А. Довженко резко критиковал политику государственного атеизма и преследования церкви, сокрушался по поводу «гибели» Киево-Печерской лавры, разрушения храмов и памятников старины. «Закрывая церкви на селах, – говорил он агенту “Павленко”, – советская власть убила в народе светлые чувства, а новым ничем не заменила».
Видимо, немалое влияние на мировоззрение режиссера оказал его отец, зажиточный крестьянин, член организации «хлеборобов» при гетмане П. Скоропадском (1918 г.), по словам В. Потиенко – «активный церковник». Как отмечалось в обзорах агентурных даных, Петр Довженко с 1920 г. примкнул к движению автокефалистов, вел в родной Соснице (Черниговщина) агитацию за присоединение к УАПЦ, встречался с митрополитом В. Липковским.

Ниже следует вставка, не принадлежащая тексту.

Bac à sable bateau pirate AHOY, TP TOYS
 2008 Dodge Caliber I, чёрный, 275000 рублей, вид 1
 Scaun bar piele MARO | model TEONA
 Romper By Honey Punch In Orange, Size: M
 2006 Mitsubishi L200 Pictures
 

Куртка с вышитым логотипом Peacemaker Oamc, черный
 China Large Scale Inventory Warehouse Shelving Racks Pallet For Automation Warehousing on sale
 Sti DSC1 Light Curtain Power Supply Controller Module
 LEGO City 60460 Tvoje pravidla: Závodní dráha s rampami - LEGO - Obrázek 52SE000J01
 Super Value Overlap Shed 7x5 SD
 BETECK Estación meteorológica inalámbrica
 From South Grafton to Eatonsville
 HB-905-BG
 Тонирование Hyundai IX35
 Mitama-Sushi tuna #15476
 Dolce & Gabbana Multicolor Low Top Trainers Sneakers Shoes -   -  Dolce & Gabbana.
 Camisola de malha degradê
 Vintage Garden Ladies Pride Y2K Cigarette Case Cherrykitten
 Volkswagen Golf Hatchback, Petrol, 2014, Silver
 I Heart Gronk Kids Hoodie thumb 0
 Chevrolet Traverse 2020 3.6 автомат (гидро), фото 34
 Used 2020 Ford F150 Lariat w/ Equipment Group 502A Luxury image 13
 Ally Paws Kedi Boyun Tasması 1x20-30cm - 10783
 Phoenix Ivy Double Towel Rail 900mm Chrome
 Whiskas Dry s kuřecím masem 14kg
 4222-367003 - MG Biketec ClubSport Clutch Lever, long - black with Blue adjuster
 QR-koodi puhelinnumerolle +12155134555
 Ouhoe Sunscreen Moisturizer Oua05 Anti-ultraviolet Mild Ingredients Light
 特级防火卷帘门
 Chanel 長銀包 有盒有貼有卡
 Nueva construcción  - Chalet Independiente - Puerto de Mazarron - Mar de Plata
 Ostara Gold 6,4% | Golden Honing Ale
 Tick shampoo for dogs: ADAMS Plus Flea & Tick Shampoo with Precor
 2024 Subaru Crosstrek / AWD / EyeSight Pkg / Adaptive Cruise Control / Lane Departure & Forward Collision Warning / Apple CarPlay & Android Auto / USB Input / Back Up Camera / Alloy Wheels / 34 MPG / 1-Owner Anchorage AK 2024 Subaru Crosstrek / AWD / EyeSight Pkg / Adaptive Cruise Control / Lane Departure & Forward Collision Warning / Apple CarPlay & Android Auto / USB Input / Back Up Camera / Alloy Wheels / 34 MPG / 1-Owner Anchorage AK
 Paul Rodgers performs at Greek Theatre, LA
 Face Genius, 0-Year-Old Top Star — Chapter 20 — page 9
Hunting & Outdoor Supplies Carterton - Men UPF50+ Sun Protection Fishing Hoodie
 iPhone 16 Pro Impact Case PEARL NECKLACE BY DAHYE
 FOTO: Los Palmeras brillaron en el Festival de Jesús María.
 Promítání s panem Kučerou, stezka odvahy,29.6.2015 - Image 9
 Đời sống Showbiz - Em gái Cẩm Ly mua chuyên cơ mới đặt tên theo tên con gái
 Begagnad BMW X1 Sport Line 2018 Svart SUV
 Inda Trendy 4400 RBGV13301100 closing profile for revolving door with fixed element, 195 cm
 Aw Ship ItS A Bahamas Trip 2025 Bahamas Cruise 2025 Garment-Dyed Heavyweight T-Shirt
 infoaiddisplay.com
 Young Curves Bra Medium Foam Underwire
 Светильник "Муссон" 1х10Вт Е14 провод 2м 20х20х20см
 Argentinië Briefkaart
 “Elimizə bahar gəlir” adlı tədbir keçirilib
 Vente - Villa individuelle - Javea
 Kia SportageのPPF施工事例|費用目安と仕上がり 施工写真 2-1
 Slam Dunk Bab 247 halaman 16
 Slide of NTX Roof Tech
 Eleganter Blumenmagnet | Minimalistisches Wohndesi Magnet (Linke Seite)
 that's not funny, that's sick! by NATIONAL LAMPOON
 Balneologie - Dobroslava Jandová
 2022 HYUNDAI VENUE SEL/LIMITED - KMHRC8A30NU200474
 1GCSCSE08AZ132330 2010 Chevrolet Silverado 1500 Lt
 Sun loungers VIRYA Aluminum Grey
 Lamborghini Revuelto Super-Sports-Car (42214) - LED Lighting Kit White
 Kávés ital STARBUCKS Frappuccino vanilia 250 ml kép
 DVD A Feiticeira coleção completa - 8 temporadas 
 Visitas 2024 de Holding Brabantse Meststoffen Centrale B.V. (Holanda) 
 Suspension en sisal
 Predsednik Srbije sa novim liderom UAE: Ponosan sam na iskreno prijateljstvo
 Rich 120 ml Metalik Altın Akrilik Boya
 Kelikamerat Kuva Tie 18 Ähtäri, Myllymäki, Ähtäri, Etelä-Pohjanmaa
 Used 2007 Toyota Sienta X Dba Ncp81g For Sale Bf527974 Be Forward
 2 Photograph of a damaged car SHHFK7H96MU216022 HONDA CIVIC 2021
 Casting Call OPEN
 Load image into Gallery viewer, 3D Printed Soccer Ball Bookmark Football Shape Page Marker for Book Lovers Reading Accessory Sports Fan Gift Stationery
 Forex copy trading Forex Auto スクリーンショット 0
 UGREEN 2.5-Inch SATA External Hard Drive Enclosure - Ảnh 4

Не может не бросаться в глаза впечатляющее совпадение этнорелигиозных фобий в сознании видных представителей «официальной» украинской интеллигенции, в частности – известного писателя Юрия Яновского[187]. Весной 1946 г. МГБ УССР подготовило широкую справку «Об антисоветских националистических проявлениях в кругах ведущей украинской интеллигенции», вернувшейся в УССР после эвакуации, где приводились и зафиксированные агентурой высказывания писателя времен эвакуации в Уфе[188]. «Опять вылезает Россия, – убеждал собеседника Яновский в разгар войны, – опять вылезает вонючая, смрадная Россия. Пускай сдадут Москву, пускай немцы возьмут Москву, чтобы поняли, чтобы научились тому, чему не могли до сих пор научиться… Зачем говорите на этом противном русском языке… Сейчас начинается церковщина, это значит, что насаждают всюду русских попов, как пауков, и все это с чисто русской жестокостью…». Писатель считал «завышенным счетом» жертвы Холокоста, одновременно напоминая о гибели миллионов украинцев в 1930-е гг. Предсказывал, что «все население Западной Украины» вывезут в Сибирь, произведут «тщательную чистку» Левобережной Украины от местного населения, а взамен привезут людей «из матушки России».
В этом же документе приводятся националистические и «оскорбительные» высказывания именно о русском этносе таких знаковых фигур созданной «Советами» украинской национальной интеллигенции, членов ВКП(б), как видный архитектор Владимир Заболотный[189], писатель Андрей Малышко[190], искусствовед Лука Калиниченко[191]. Последний, в частности, пропагандировал утверждения о том, что «Киевская Русь – это Украина», она не является «колыбелью»» трех восточнославянских народов, и что уже в ту эпоху начал формироваться отдельный украинский народ.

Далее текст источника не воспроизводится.